I then used the mechanical pencil to "paint" the solder paste on the leads. For the QFN part, I just laid the paste across the leads and then used an Exacto-knife to "cut" the spaces between them. It seems like the biggest pitfall is simply using TOO MUCH PASTE. You want just the thinnest layer, and do not even cover the entire pad!
Then I just placed the components in their positions using the tweezers, and did fine adjustment of the QFN32 part with the edge of the tweezers.

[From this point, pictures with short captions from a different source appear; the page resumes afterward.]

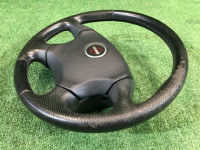 方向盘 MOMO с подушкой SUBARU FORESTER OEM 34311AE080, 98211SA000 SG5 SG9 2003 black 18L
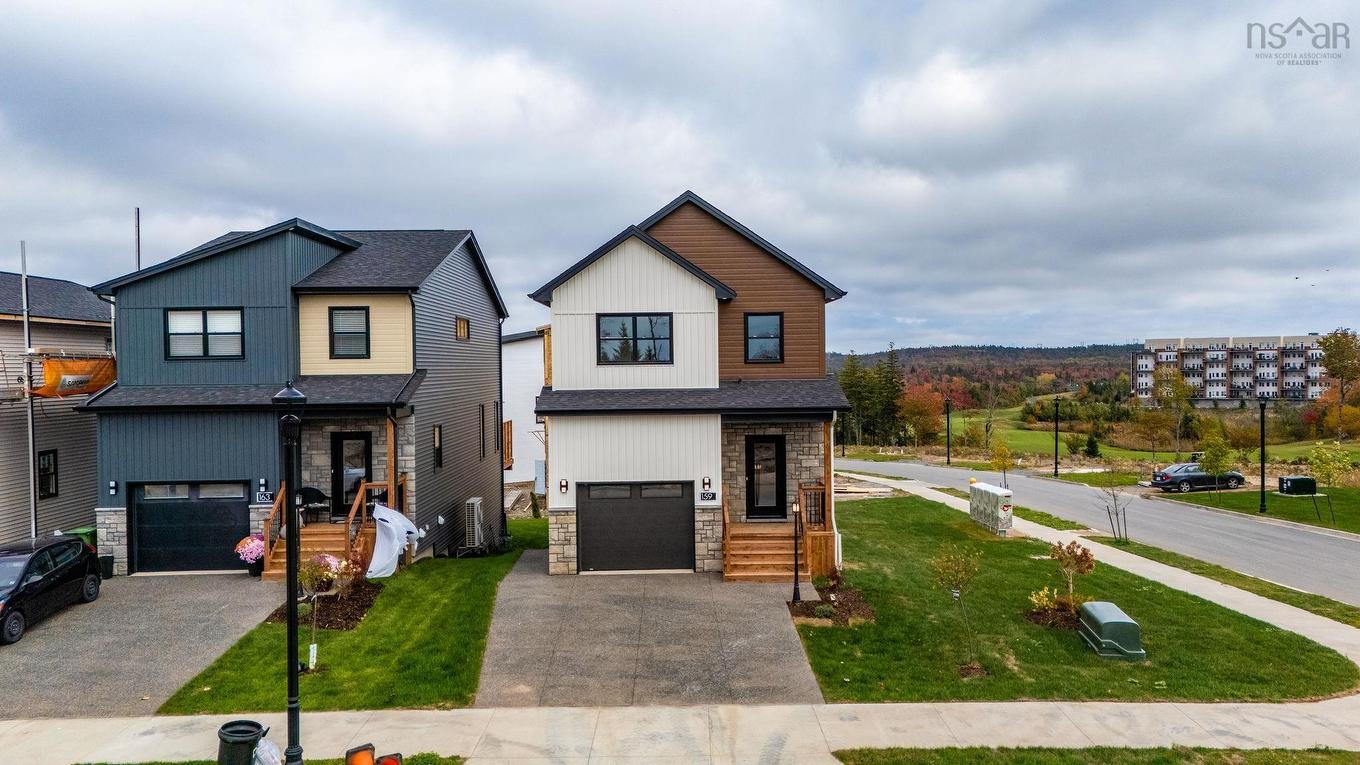 Lot 9-14 159 Brunello Boulevard, Timberlea, NS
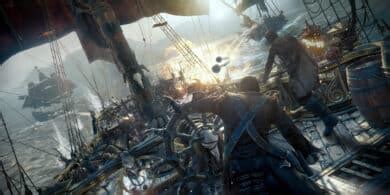 Skull And Bones The Solo Pirate S Struggle For Social Seas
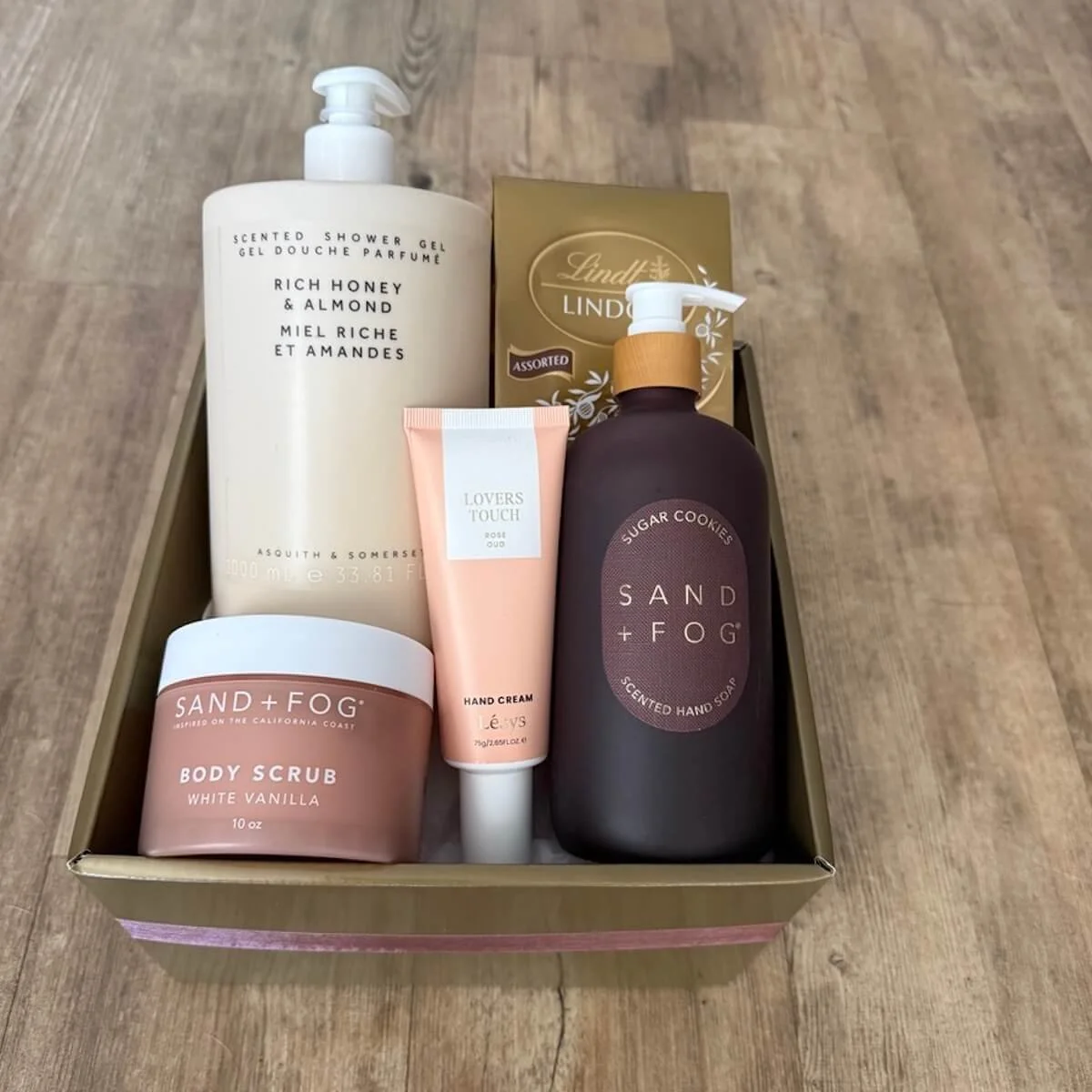 Pamper Time Luxe Hamper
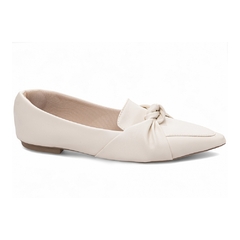 Imagem do Sapatilha Mocassim Feminino Bico Fino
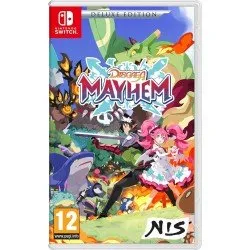 Disgaea Mayhem - Deluxe Edition (Switch)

Baking was easy. I followed the temperature profile here. But not really... I used the thermostat on the oven, not a real temperature gauge. Basically, just set your oven for 170 C put the boards in and wait 3 minutes. Then raise the temperature to 220 C and shine a bright light in so you can see the boards clearly. After a minute or two the solder will go from grey to silvery. Wait another 30 sec to a minute to be sure that ALL the solder has gone silvery. Then turn off the oven (but leave the boards in there) and crack open the door. You want to cool the boards evenly. After a few minutes, open the door fully, and when they are cool to the touch, pop them out!
I did 4 boards and had 2 solder bridges on the QFN parts. Every other part worked without any issues.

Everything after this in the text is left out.